Basic Vanilla Ice Cream
  • 2 cups whipping cream
  • 2 cups half-and-half cream
  • 1 cup sugar
  • 2 teaspoons vanilla extract
In a bowl, combine all ingredients, stirring until the sugar is dissolved. Freeze in an ice cream freezer according to manufacturer's directions. Allow to ripen in freezer of firm up in your refrigerator freezer for 2 to 4 hours before serving. Yields 1 quarts.

Note: For raspberry, strawberry, peach or any fruit or berry ice cream, substitute 2 cups fresh or frozen berries or fruit for 1 cup halfand-half cream. Puree the fruit in a blender or food processor and add to the other ingredients before freezing.

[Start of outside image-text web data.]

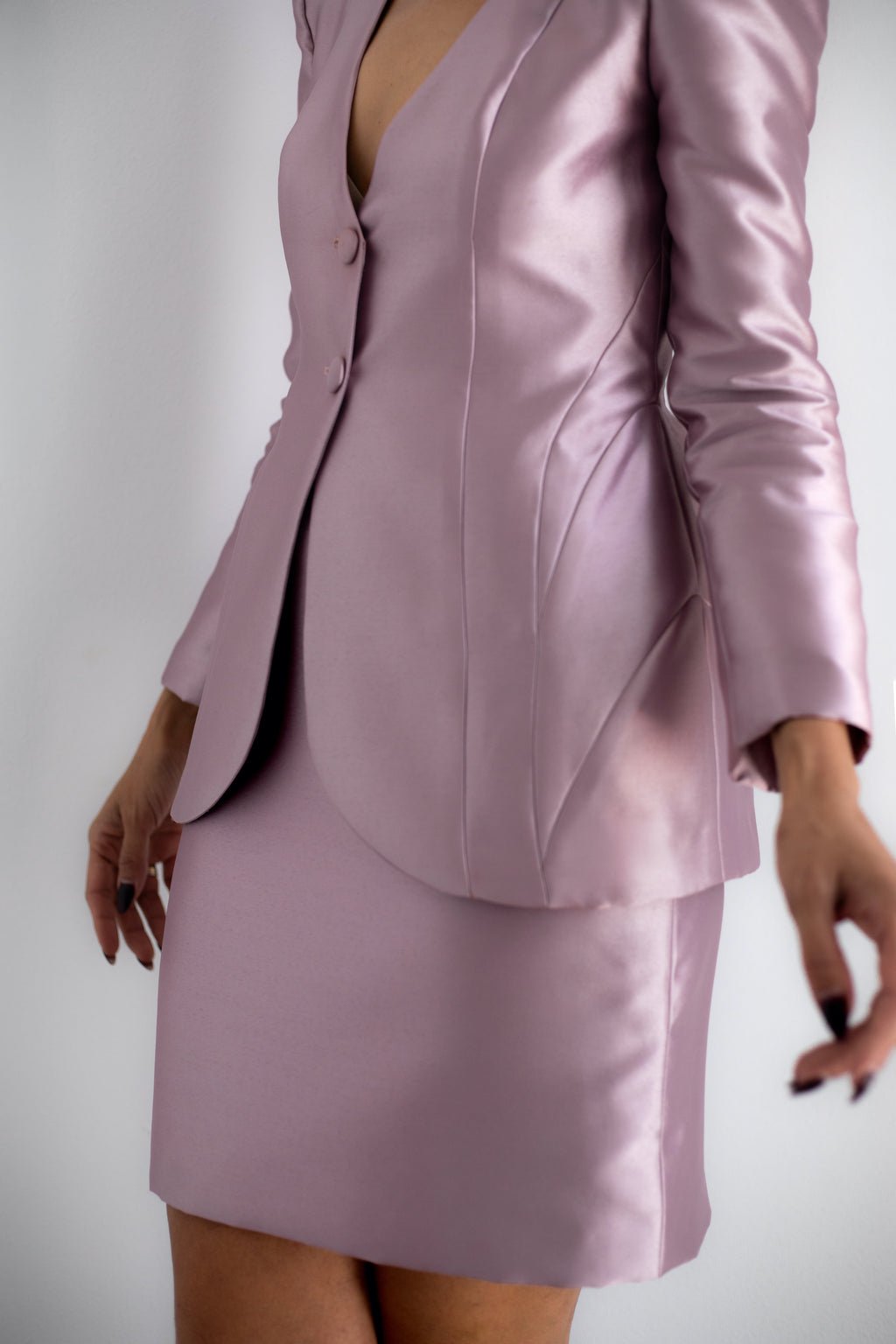 TRAJE LILAC
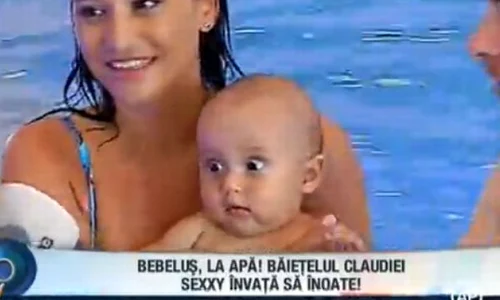 Băieţelul Claudiei învaţă să înoate cu un instructor personal jpeg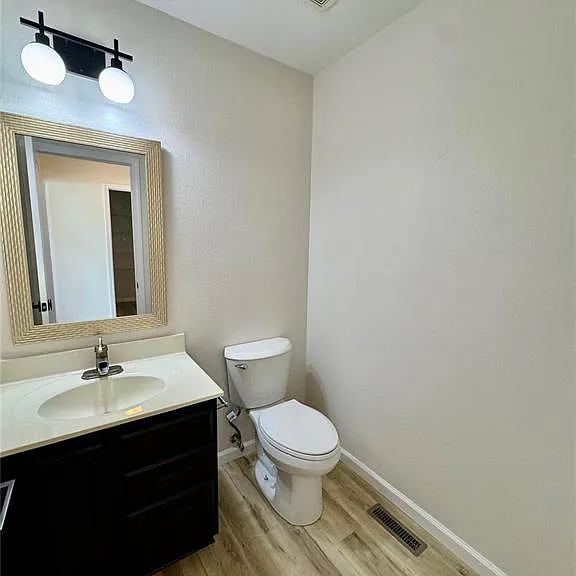 730 Moorland Cir — Photo 30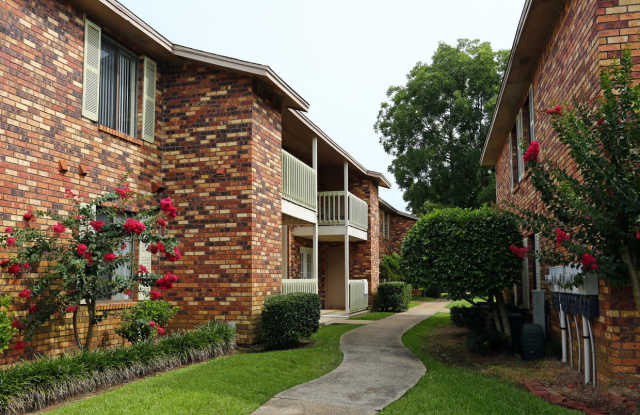 Briarwood Condominiums photos photos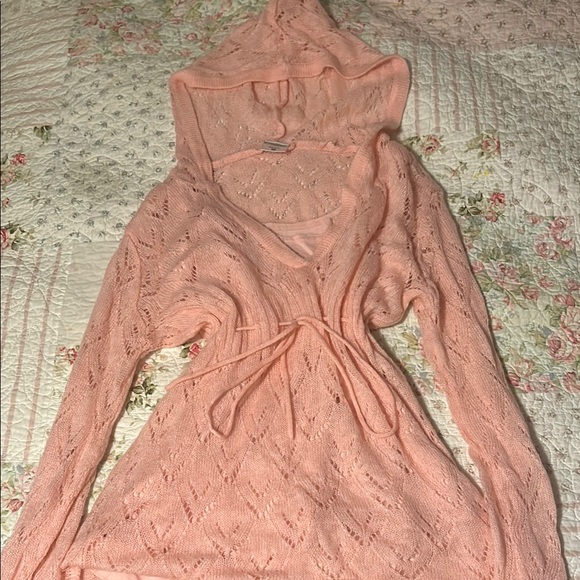 Tops - Cute pink baby doll sweater with hood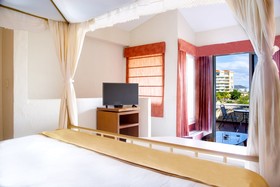 Isla Mazatlan Golden Resort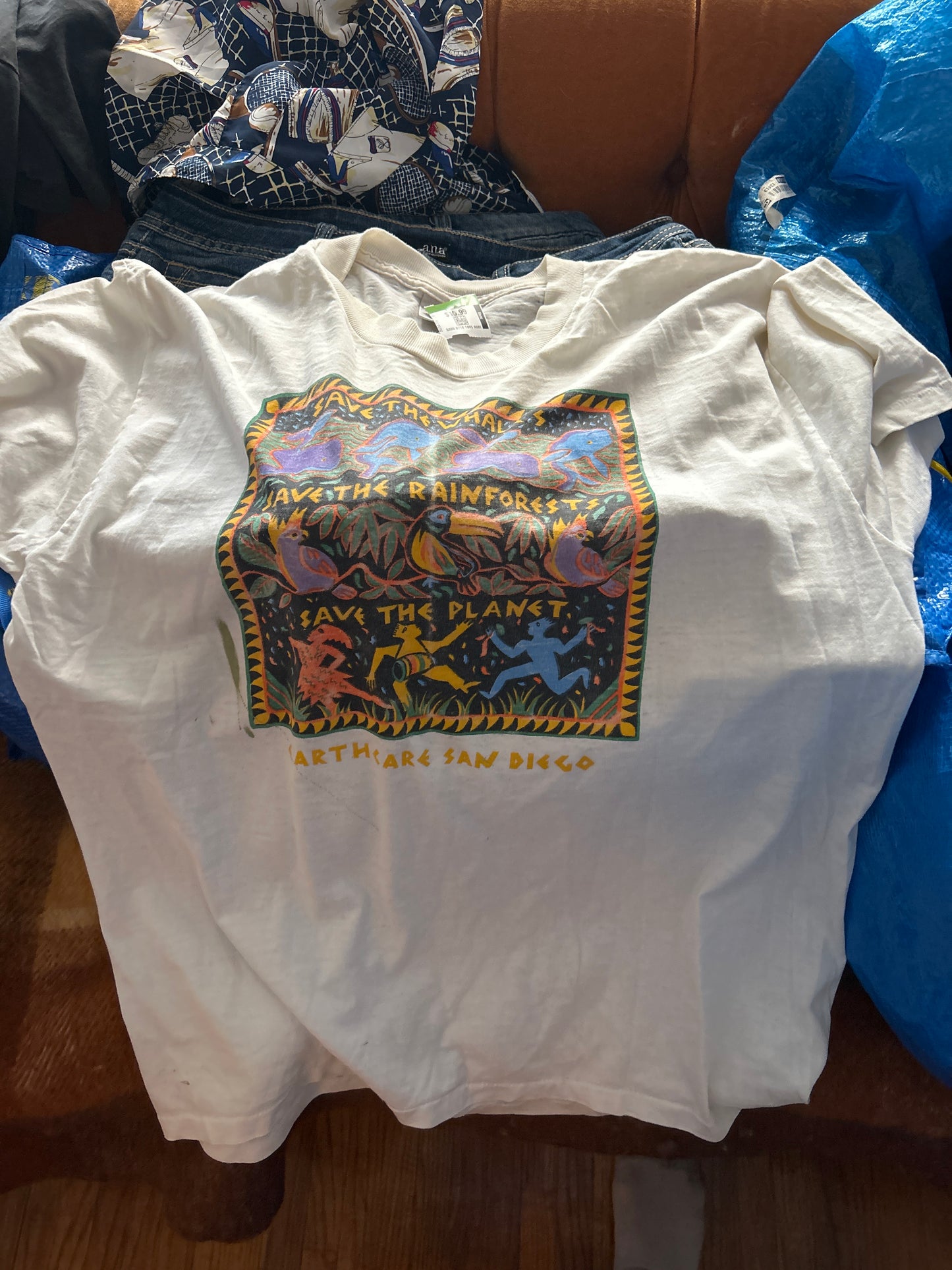 Save the whales t-shirt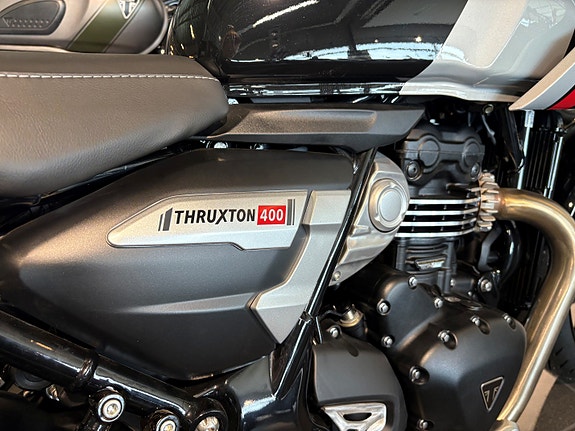 Triumph Thruxton 400 3 of 5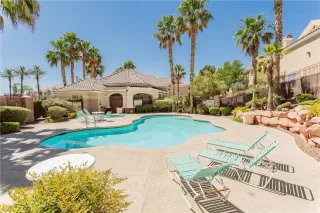 Photo #3: 2404585 Listing 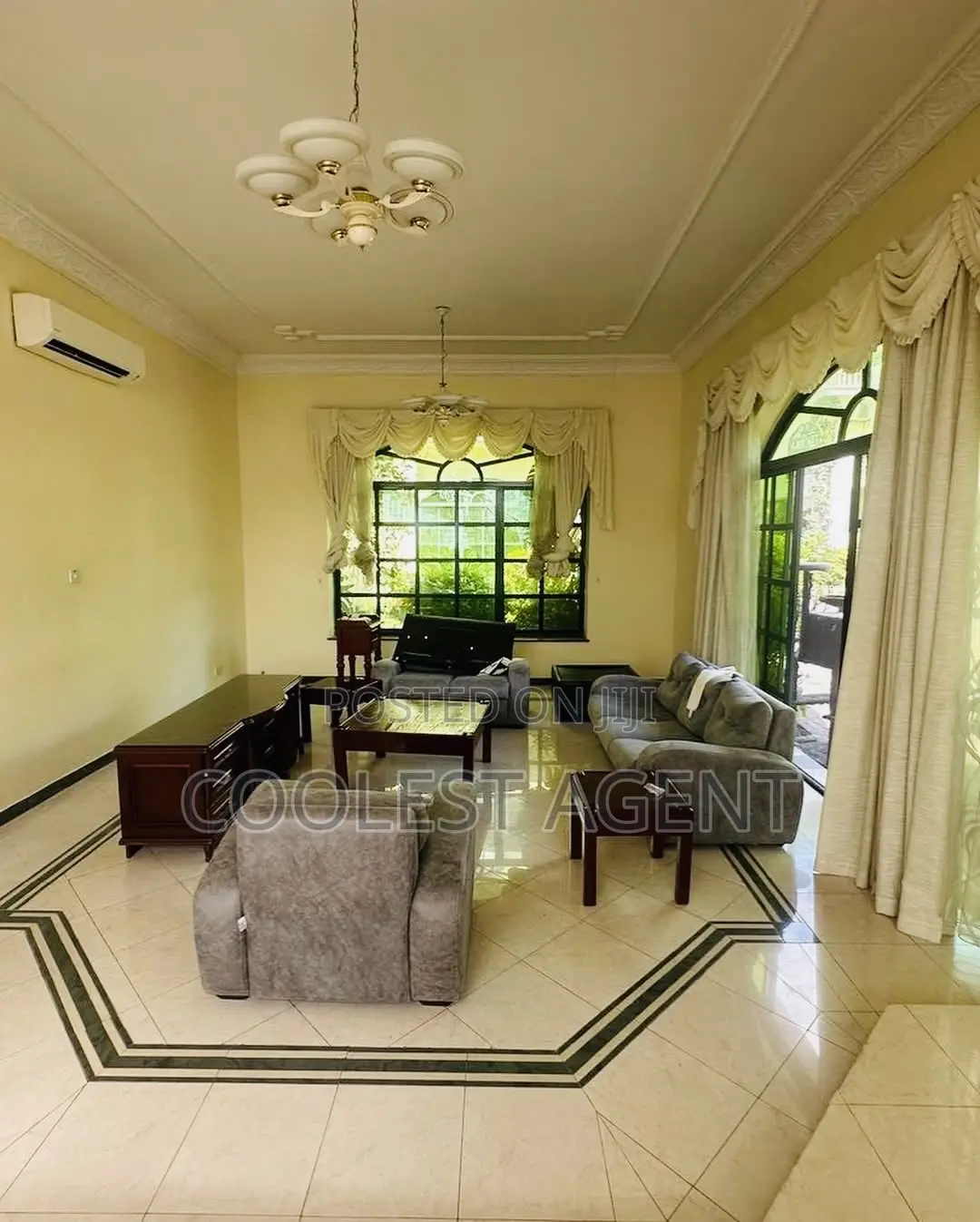 Furnished 4bdrm Villa in Coolest Estate, Oyster Bay for rent in Oyster Bay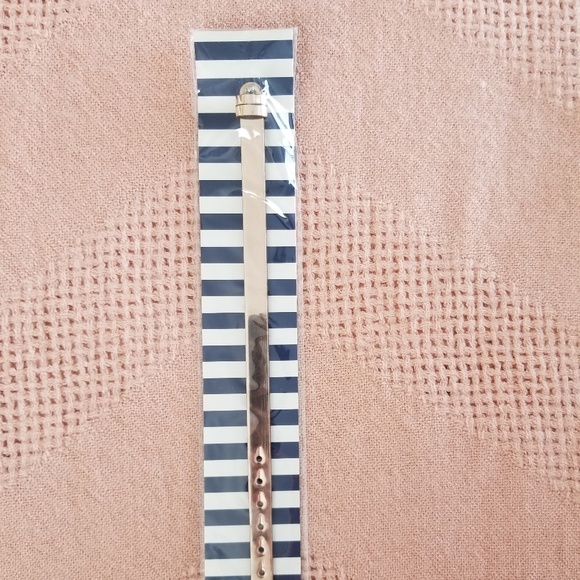Single Mirror Rose Gold Band - Picture 1 of 2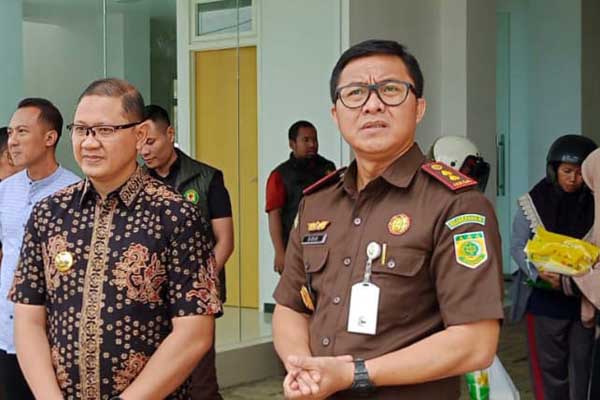 Kajari Batu, Didik Adyotomo SH MH mendampingi Pj. wali Kota Batu meninjau gedung Kejari Batu yang baru. (ist) - Pembangunan Gedung Kejari Kota Batu Kelar, Kajari Didik: Pelayanan akan Lebih Maksimal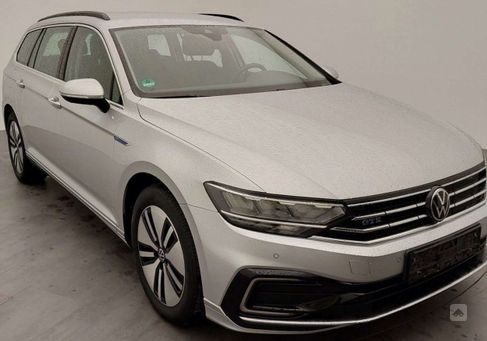 Volkswagen Passat Variant, 2021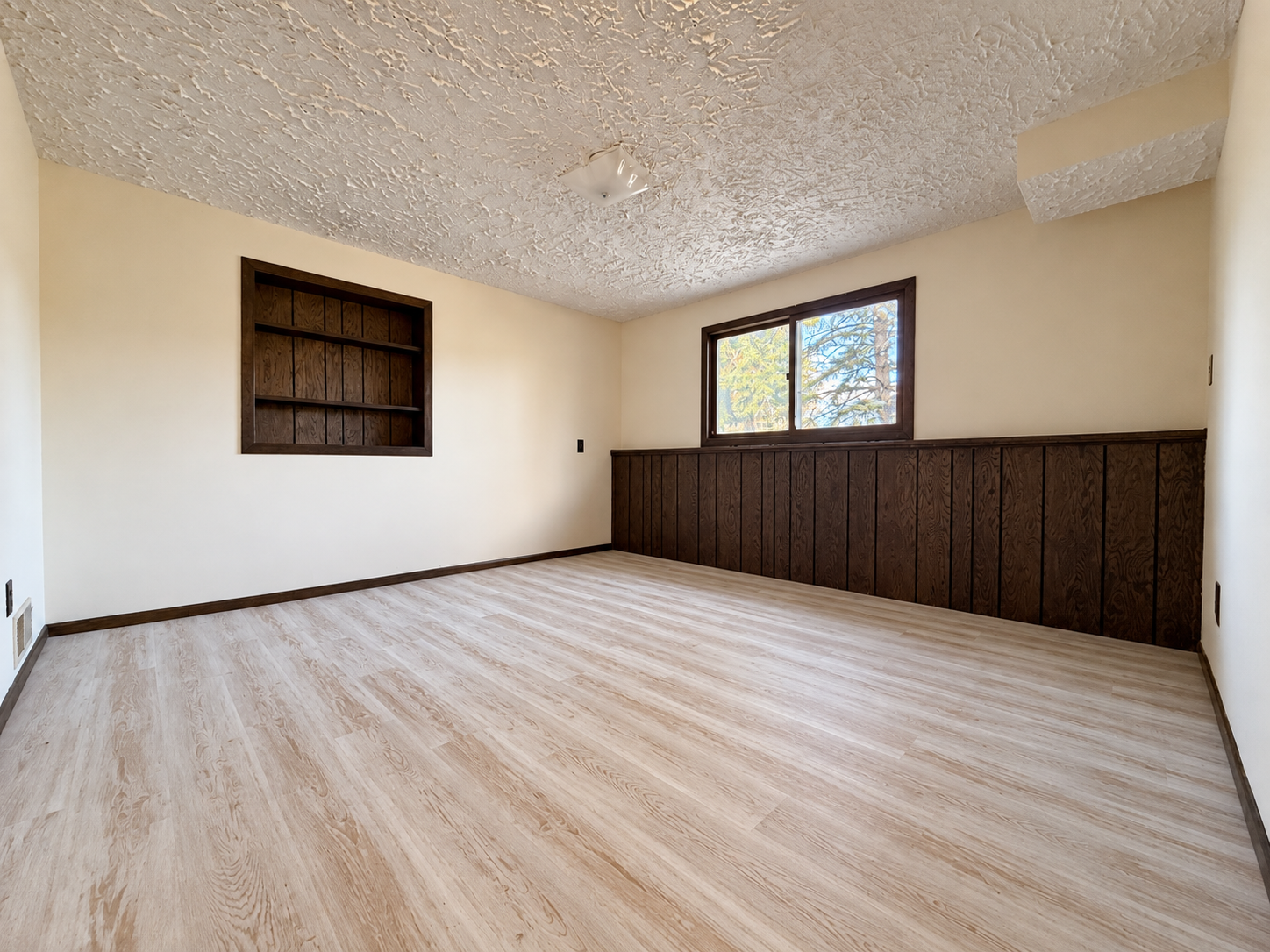 View of Residential at 8223 Brunswick Circle, Brooklyn Park MN 55443, Brooklyn Park (21 of 29) - Mike Wilen | Minnesota Team Real Estate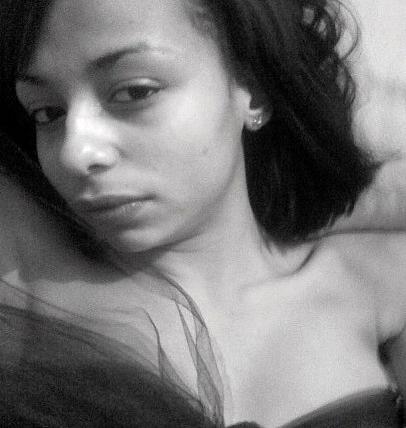 12P Stolen amateur shots of black teenies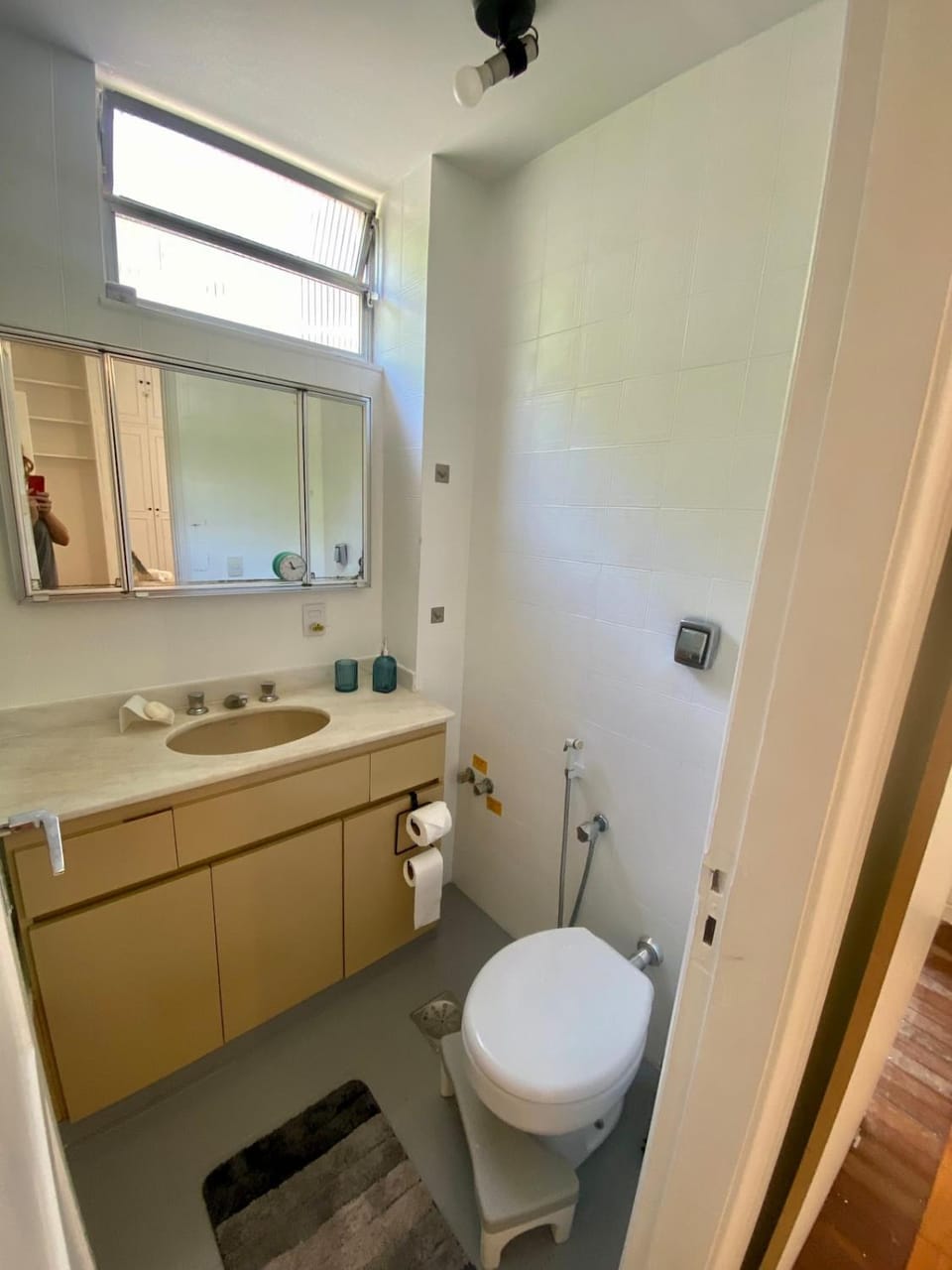 Toilet, Bathroom, towels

Note 2: For lower fat content, substitute skim milk for part of the half-and-half.

Easy Chocolate Ice Cream
From 'The Complete Guideto Country Cooking'
  • 2 cups half-and-half cream
  • 1 1/2 cups sugar
  • 1/2 cup baking cocoa
  • 1 teaspoon vanilla extract
  • 2 cups whipping cream
Combine half-and-half, sugar, cocoa and vanilla in a blender; cover and process on low until smooth. Stir in whipping cream. Freeze in an ice cream freezer according to manufacturer's instructions. Allow to ripen in freezer or place in home refrigerator freezer for 2 to 4 hours before serving. Yields 1 quarts.

Pink Frozen Yogurt
From the National Cherry Foundation
  • 2 cups plain yogurt
  • 1/2 cup maraschino cherry juice
  • 1/2 cup sugar
  • 1 teaspoon almond extract
  • Dash salt
  • 1 cup red maraschino cherries, drained and coarsely chopped
  • Maraschino cherries with stems, for garnish
Combine yogurt, cherry juice, sugar, almond extract and salt; mix. Pour into ice cream canister. Freeze according to manufacturer's directions. Stir chopped maraschinos into frozen yogurt. Store in freezer until served. Serve in small bowl; garnish with cherry with stem. Makes 1 quart.

Pretzelicious Pie
  • 5 sourdough hard pretzels, crushed
  • 1 cup sugar
  • 1 cup pecan pieces
  • 2 egg whites
  • 1 teaspoon vanilla
  • 1 quart vanilla ice cream, softened
  • Toppings, such as fruit, chocolate or butterscotch
Preheat oven to 350 degrees. Combine pretzel crumbs (saving cup for garnish), sugar and pecans and set aside. Beat egg whites until frothy. Fold pretzel mixture into egg whites. Stir in vanilla. Firmly press mixture into well-greased 9-inch pie pan. Bake for 10 minutes or until lightly browned. Cool. Spoon ice cream into crust. Freeze at lest 2 hours or overnight. Garnish with desired topping and add a dollop of whipped cream, remaining pretzel crumbs and cherries, if desired. Makes 6 to 8 servings.